A parsons chair is a special kind of upholstered dining chair. The name has nothing to do with the clergy. The chair was named for its origin – it was created in Paris in the 1930s, by a designer at the famous Parsons School of Design.

When designing the chair, the Parsons School designers didn’t radically reinvent the idea of the chair (as, say, the Bauhaus did in Germany). Instead, the designers streamlined historical influences, kept what worked, threw away what didn’t, and created an enduring modern classic. The main traits of this – its naturalism, simplicity and linear look – are classic Modernist traits, but the style reflects 1800s Mission and Arts and Crafts styles, the Art Nouveau styles that emerged later, and the Art Deco that was contemporary at the time of the parsons chair’s design. The simplicity of the chair fits with these styles and a great variety of others, both classic and modern.

Originally, it was meant to be used in a set with the parsons table, whose linear look reflects a similar aesthetic in the matching chair. However, in a bit of irony, the simplicity of both has led to them being adapted separately into many styles of furniture and decor. The result? Today, they are rarely seen together. The parsons style is so adaptable that many who own a parsons table or a parsons chair have no idea that companion pieces exist. The parsons chair is virtually always crafted of hardwood, and features a slightly curving, squared backrest and legs. They are usually featured with slipcover upholstery that entirely covers the legs and gives it a solid, monumental appearance. This slipcover is optional or absent on many recent models.

Most parsons chairs nowadays are direct clones of the original Parsons School design. However, many recent variations exist, including versions with cabriole legs, Chippendale-influenced designs, shorter or taller designs, and versions with armrests, versions inspired more or less by Art Nouveau or Art Deco, and so on.
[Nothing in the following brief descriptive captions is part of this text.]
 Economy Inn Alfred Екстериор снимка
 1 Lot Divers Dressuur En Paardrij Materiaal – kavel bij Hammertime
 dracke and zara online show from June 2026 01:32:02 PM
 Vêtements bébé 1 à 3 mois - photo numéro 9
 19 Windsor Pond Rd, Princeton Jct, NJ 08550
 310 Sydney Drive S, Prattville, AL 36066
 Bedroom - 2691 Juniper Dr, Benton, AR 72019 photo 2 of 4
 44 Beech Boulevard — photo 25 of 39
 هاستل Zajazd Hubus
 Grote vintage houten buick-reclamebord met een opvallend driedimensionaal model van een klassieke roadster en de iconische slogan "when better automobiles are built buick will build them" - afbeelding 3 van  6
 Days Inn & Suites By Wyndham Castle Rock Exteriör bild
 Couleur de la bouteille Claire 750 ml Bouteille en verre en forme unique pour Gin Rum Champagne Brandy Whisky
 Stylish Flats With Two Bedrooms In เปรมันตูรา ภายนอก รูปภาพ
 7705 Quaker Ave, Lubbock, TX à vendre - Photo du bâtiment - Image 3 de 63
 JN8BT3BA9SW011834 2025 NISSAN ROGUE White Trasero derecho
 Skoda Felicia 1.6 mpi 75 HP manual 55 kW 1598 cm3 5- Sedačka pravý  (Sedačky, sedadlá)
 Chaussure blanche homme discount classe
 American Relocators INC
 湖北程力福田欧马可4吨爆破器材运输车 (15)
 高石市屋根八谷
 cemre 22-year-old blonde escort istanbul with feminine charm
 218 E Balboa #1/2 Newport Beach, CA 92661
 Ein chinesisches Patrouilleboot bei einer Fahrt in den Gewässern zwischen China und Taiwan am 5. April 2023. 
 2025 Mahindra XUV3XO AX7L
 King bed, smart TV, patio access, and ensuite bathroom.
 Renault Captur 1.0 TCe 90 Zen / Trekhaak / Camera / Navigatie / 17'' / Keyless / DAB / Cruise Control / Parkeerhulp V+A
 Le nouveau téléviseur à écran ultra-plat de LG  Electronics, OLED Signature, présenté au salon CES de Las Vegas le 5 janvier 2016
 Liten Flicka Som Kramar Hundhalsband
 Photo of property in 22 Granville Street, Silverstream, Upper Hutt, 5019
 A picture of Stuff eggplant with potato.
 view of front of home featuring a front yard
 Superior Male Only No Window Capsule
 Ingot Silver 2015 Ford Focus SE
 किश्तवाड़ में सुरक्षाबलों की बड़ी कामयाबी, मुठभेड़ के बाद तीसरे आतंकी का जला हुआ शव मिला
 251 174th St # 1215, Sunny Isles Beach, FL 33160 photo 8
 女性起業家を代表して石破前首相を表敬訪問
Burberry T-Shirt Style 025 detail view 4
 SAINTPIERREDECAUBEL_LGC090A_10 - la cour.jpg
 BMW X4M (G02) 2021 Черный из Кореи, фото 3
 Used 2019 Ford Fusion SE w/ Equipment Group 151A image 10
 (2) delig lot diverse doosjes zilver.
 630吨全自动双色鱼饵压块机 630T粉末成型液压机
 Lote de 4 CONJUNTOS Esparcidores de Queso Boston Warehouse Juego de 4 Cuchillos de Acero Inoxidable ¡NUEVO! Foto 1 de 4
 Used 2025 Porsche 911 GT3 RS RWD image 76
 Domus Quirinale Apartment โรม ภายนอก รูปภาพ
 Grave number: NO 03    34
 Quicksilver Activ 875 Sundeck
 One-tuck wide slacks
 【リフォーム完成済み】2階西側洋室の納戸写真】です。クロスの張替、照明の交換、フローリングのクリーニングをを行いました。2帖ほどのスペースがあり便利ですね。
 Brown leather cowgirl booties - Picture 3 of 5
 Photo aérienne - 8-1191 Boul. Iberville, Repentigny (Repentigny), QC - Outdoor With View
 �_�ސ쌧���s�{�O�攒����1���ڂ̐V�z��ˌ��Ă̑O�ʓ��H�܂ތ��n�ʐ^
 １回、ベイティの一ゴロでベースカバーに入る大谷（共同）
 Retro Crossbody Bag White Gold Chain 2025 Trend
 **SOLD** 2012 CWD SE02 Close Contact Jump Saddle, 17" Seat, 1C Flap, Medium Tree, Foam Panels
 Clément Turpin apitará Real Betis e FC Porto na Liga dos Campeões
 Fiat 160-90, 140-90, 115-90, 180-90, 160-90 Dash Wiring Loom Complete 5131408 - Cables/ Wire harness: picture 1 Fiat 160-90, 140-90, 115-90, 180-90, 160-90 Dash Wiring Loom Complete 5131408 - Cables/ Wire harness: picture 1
The original Parsons School design was upholstered in leather, and this is still a very popular upholstery option, though microfabrics are increasingly used. The wide variety of options available today should ensure that you’ll be able to find one that’s right for you.

Due to its simplicity, comfort and ease of cleaning, the parsons chair remains enduringly popular, especially in restaurants. In fact, you might already own and enjoy one without realizing what it is. We hope that knowledge of this chair’s history should deepen your appreciation for this unique design.